Secretary of State Mike Pompeo responded affirmatively this week to the question of whether the U.S. is “committed to keeping open the Strait of Hormuz at any cost militarily.”
“Yeah, we’re going to keep them open,” Pompeo said Monday at The Economic Club of Washington, D.C. “We’re going to build out a maritime security plan. Countries from all across the world who have a vested interest in keeping those waterways open will participate.”
“It will take more time than we wish it would take,” he added. “But I’m very confident that the world understands its importance that America is prepared to be a significant part of that, but we need countries from all across the world to assist us in protecting commercial transit. We’ll be successful.”
Defense Secretary Mark Esper told “like-minded” allies at a NATO defense ministerial in Brussels at the end of June that they should join the “broader maritime surveillance” campaign to have eyes on Iranian activities in the Persian Gulf region.
Around the same time, Pompeo began efforts to put together a vague-on-details Sentinel program, which he said at the time should include about 20 countries though any firm commitments were unclear.
Esper described Pompeo as being on the “front lines” of the effort as “we’re not trying to put a military coalition as much as a coalition writ large of like-minded allies who share our concerns about freedom of navigation, who share our concerns about Iran’s nuclear pursuits in the past, their missile technologies and, frankly, their malign activities in the region.”
Pompeo was pressed Monday on whether the U.S. pledge of protection applied to just U.S. ships, especially as Iran still holds 23 crew members of the Stena Impero after seizing the British-flagged tanker on July 19.
“We are working — I was working with — I guess I’m now working with my third British foreign minister since I’ve been a secretary of State,” Pompeo said. “But working with the British to find the solution to both A, right that injustice, and second, prevent it from happening again, so to establish deterrence.”
Joint Chiefs Chairman Gen.

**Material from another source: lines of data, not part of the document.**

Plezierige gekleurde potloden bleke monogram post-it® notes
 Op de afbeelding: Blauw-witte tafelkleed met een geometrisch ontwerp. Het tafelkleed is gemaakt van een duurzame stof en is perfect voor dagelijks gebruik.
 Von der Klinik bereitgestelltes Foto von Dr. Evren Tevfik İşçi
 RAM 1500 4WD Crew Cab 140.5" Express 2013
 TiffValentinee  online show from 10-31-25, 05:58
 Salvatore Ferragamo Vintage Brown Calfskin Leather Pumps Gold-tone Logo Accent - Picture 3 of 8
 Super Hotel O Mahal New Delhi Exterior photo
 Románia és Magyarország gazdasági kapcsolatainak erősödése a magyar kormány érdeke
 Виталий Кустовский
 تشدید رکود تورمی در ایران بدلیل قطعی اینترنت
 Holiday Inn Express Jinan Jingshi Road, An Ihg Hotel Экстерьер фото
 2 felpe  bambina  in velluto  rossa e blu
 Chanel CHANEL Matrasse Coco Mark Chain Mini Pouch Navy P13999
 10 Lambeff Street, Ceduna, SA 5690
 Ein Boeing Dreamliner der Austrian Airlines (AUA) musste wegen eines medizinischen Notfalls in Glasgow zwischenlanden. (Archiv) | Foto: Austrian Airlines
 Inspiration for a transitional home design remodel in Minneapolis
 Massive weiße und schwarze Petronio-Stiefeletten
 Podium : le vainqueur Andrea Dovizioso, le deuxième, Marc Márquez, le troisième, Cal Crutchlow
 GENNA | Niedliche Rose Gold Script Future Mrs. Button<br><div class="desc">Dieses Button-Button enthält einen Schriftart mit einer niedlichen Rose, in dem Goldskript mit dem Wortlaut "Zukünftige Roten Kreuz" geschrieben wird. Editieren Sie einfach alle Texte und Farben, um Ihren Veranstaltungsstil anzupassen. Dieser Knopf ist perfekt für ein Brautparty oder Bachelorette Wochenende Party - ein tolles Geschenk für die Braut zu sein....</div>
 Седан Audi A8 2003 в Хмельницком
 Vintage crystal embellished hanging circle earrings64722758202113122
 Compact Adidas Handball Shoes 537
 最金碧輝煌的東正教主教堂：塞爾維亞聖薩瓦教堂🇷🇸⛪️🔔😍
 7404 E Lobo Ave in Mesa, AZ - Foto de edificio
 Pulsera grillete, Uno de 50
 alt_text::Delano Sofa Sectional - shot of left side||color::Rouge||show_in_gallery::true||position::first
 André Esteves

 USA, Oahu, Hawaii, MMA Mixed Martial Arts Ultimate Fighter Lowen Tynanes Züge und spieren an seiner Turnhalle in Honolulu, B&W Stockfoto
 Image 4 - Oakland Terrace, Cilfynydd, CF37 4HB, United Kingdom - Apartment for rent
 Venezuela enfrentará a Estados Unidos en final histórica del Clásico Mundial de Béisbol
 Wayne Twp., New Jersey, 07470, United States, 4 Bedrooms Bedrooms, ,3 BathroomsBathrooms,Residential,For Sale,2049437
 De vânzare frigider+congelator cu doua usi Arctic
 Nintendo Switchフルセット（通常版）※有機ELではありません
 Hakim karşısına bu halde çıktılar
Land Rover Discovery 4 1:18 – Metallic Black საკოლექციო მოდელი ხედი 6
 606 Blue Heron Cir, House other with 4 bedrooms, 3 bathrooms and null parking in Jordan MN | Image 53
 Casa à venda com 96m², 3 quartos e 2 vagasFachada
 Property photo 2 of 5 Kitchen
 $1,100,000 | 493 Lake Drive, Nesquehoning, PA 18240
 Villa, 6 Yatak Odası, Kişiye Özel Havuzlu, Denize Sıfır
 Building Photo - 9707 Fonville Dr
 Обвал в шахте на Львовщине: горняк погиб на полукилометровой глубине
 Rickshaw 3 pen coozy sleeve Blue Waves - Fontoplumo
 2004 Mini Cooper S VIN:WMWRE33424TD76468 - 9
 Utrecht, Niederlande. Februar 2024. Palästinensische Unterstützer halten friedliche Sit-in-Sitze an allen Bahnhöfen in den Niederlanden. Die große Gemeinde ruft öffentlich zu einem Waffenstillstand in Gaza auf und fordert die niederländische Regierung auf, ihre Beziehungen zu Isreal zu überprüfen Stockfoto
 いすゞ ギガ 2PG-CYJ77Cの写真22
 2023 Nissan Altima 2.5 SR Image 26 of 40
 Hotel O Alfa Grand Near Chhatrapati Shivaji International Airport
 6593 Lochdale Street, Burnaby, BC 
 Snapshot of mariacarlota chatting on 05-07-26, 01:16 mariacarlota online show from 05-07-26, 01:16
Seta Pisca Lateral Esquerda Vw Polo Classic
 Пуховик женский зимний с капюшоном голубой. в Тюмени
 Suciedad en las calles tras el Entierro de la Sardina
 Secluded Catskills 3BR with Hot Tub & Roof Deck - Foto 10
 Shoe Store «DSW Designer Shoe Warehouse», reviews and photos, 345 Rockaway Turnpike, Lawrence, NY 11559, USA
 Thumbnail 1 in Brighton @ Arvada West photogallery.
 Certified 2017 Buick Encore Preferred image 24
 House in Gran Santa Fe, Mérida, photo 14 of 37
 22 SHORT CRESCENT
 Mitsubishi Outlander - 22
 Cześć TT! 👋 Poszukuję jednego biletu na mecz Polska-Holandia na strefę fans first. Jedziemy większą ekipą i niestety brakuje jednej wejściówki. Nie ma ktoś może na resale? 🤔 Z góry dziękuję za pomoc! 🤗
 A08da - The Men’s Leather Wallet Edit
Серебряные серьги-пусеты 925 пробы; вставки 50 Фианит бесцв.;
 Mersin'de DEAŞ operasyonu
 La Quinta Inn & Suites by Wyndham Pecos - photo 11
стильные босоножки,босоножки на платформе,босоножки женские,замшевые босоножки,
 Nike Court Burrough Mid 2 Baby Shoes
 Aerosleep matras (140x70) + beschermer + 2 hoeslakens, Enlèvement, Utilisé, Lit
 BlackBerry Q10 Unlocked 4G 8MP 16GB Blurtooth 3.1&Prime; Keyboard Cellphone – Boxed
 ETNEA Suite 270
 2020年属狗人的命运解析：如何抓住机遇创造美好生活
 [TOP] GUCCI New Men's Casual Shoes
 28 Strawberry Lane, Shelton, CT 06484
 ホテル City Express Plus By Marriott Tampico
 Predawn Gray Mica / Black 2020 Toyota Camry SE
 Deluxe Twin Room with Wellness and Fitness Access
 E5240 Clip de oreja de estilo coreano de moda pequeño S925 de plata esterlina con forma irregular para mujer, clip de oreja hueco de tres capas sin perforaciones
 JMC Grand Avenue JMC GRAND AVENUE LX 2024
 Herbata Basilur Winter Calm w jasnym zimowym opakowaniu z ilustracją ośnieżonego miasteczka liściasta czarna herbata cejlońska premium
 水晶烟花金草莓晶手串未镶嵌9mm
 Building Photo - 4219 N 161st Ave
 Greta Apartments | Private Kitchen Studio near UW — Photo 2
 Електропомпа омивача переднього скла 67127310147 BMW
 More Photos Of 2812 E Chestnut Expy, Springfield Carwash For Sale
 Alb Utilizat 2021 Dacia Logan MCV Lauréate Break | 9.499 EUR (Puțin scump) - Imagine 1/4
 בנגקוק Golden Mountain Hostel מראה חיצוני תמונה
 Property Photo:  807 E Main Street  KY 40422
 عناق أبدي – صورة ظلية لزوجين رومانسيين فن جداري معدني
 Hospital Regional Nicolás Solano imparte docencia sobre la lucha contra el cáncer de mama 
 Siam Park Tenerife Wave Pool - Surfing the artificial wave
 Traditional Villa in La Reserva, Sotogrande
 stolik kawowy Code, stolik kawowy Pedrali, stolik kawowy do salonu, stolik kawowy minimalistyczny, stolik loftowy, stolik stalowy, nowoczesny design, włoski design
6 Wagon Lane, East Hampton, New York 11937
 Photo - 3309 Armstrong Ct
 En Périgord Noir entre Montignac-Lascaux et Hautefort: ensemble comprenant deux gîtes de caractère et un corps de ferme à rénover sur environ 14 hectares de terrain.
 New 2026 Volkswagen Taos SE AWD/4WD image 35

Joseph Dunford told reporters in mid-July that “escorting in the normal course of events would be done by countries who have the same flag, so a ship that is flagged from a particular country would be escorted by that country.”
“The United States is uniquely capable of providing is some of the command and control, some of the intelligence, surveillance and reconnaissance, but the expectation is the actual patrolling and escorts would be done by others,” Dunford said.